Records excerpted from a collection
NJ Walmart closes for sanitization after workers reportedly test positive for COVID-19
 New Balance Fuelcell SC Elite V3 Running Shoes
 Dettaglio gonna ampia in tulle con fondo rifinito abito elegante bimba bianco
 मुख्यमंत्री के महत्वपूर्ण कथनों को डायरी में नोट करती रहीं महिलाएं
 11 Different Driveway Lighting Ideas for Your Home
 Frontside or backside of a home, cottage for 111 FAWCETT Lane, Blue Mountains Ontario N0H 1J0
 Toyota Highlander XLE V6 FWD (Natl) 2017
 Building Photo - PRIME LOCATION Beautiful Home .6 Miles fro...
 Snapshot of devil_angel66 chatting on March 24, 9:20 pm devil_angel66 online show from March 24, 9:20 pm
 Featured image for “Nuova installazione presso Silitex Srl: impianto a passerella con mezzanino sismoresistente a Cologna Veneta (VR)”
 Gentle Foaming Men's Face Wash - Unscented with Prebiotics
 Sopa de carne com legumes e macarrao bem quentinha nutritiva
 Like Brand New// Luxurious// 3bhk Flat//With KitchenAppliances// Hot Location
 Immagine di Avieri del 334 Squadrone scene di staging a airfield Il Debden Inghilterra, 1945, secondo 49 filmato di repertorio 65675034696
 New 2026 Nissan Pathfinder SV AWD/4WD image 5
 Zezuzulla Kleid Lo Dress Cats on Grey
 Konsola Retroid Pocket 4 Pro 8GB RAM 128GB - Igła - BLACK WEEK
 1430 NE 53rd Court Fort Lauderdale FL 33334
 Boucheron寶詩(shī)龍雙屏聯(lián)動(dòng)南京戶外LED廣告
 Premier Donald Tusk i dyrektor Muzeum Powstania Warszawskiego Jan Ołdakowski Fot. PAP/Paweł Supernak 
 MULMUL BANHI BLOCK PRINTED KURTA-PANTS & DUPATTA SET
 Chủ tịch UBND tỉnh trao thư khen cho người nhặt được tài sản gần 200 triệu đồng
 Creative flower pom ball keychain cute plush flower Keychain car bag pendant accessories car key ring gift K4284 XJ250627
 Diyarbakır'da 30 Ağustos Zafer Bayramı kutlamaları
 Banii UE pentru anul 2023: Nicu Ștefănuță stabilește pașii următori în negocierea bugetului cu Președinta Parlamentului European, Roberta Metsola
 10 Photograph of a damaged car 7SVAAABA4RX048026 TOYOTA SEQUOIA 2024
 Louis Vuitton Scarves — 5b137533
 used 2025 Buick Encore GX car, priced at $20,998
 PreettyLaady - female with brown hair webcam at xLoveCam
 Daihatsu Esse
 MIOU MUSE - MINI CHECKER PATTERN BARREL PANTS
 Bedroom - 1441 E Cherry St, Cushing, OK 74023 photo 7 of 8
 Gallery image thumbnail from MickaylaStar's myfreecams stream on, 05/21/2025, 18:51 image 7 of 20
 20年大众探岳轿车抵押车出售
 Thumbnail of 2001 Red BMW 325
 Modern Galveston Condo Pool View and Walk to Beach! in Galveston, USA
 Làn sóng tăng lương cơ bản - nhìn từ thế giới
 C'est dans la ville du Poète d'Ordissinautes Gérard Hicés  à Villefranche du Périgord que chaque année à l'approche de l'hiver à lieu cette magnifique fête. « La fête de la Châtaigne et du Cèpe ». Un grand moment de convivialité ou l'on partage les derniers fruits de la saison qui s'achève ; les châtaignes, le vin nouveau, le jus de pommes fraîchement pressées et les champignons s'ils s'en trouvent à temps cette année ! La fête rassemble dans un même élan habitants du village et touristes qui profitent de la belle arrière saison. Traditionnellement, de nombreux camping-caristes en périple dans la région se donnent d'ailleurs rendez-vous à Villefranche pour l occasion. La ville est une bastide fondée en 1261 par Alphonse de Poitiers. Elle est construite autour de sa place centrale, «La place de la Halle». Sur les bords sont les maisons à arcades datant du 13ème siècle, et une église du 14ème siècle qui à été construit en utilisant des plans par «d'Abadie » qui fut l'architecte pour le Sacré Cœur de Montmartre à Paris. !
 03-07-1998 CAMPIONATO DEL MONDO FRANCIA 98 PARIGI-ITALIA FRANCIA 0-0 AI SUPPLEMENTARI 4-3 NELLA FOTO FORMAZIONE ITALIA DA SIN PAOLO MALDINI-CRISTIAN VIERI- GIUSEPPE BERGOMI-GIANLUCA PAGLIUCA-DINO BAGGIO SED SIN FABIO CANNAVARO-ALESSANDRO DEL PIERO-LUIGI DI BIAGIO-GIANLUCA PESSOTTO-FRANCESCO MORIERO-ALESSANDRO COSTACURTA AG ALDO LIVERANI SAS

_BRIEF_
Reprint exactly the lines above that start at the one with "New 2026 Nissan" and end at the one with "Louis Vuitton Scarves — 5b137533", keeping both and adding none.

_EXERCISE OUTPUT_
 New 2026 Nissan Pathfinder SV AWD/4WD image 5
 Zezuzulla Kleid Lo Dress Cats on Grey
 Konsola Retroid Pocket 4 Pro 8GB RAM 128GB - Igła - BLACK WEEK
 1430 NE 53rd Court Fort Lauderdale FL 33334
 Boucheron寶詩(shī)龍雙屏聯(lián)動(dòng)南京戶外LED廣告
 Premier Donald Tusk i dyrektor Muzeum Powstania Warszawskiego Jan Ołdakowski Fot. PAP/Paweł Supernak 
 MULMUL BANHI BLOCK PRINTED KURTA-PANTS & DUPATTA SET
 Chủ tịch UBND tỉnh trao thư khen cho người nhặt được tài sản gần 200 triệu đồng
 Creative flower pom ball keychain cute plush flower Keychain car bag pendant accessories car key ring gift K4284 XJ250627
 Diyarbakır'da 30 Ağustos Zafer Bayramı kutlamaları
 Banii UE pentru anul 2023: Nicu Ștefănuță stabilește pașii următori în negocierea bugetului cu Președinta Parlamentului European, Roberta Metsola
 10 Photograph of a damaged car 7SVAAABA4RX048026 TOYOTA SEQUOIA 2024
 Louis Vuitton Scarves — 5b137533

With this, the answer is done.